What is, or What should be.
I am at my parents’ house today, and I just ate breakfast in our breakfast nook attached to our kitchen. We have a little television in there, and I turned it on. At first, he Today show was on, and I watched a short bit about Al Roker getting a hip replacement. I warmed up my coffee and flipped through a few different channels until I stopped, with little rhyme or reason, on an interview with Tim O’Brien. He was talking about getting drafted during the Vietnam war. This interested me, so I remained on this channel. After several minutes, O’Brien made a statement that seemed profound to me. I quickly ran off to get a pencil and paper to write it down. This is what I wrote “stories are written to preserve, forever, what is or what should be.” If this is not Mr. O’brien’s exact quote, it bears the correct sentiment.
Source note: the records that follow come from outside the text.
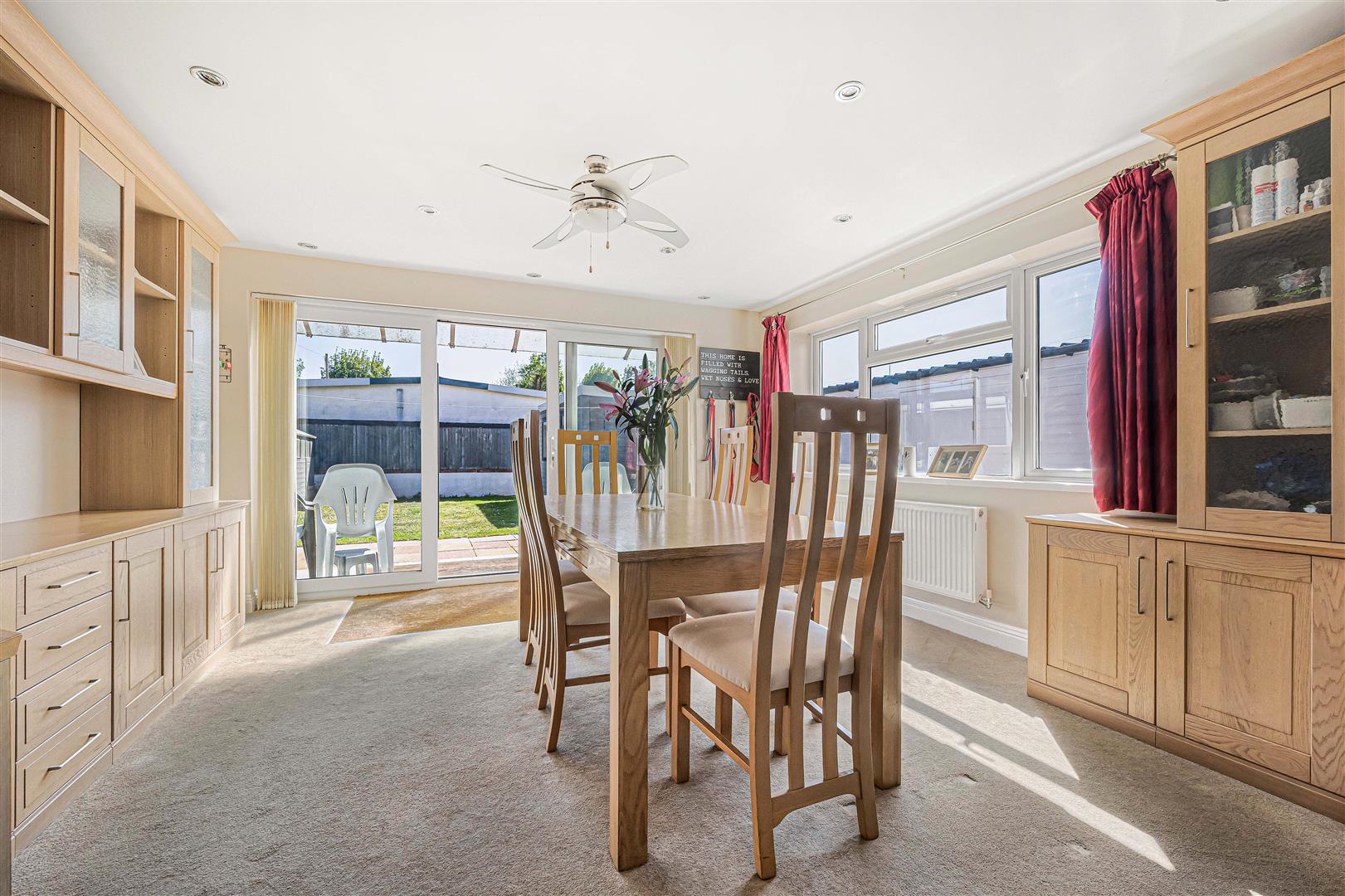 Send Road Caversham Link Detached House for sale in Reading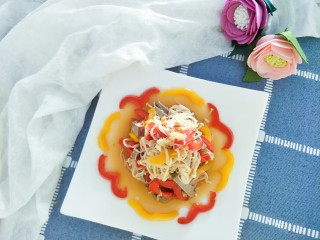 13、#咸味#＋猪肝拌金针菇,最后放花生米，搅拌均匀，装盘就可以吃了，营养丰富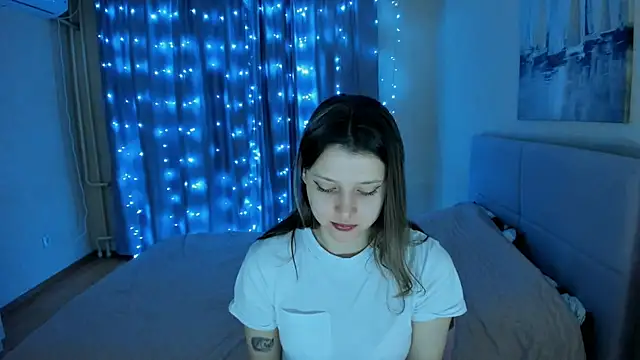 SoniNesti online show from December 24, 2024, 1:28 pm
One of my reactionary thoughts to this statement is one of disagreement. Some of the best novels ever written don’t even contain what is, and certainly do not contain what should be either. What first comes to my mind is George Orwell’s novel titled 1984. The world Orwell describes is not the world that exists. Nor should the world of Big Brother and double think exist. If anything, Orwell’s story preserves what should not be.
Oh. Perhaps that is it then. It is not the world inside the story which Orwell wished to preserve, but the one outside. Certainly, the world was not perfect in 1948, when Orwell published 1984. But it looked awfully better than it had 3 years prior. Even so, I suspect it might be more accurate to suggest Orwell wanted to preserve certain ideals and a hopeful reverence for them, by vividly describing their opposites. Viewed in this way, I can see the merit to O’Brien’s words. I actually even like the idea. That I, or you, or him, or her can preserve, forever, that which should be; whatever it may be that should be. In fact, I like it a lot.